**REQUIRED ACTION:**
Your answer must be the exact lines from the one holding "Casa · 279m²" through the final line of the records below, both included, and nothing more.

EXCERPTED DATA: Begin

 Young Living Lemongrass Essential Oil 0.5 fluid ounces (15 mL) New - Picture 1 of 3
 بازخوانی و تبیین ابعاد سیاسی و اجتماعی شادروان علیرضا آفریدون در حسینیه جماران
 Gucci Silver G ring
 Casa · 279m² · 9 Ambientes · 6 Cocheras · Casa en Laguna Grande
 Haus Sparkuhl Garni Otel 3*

EXCERPTED DATA: End

**ANSWER BOX:**
 Casa · 279m² · 9 Ambientes · 6 Cocheras · Casa en Laguna Grande
 Haus Sparkuhl Garni Otel 3*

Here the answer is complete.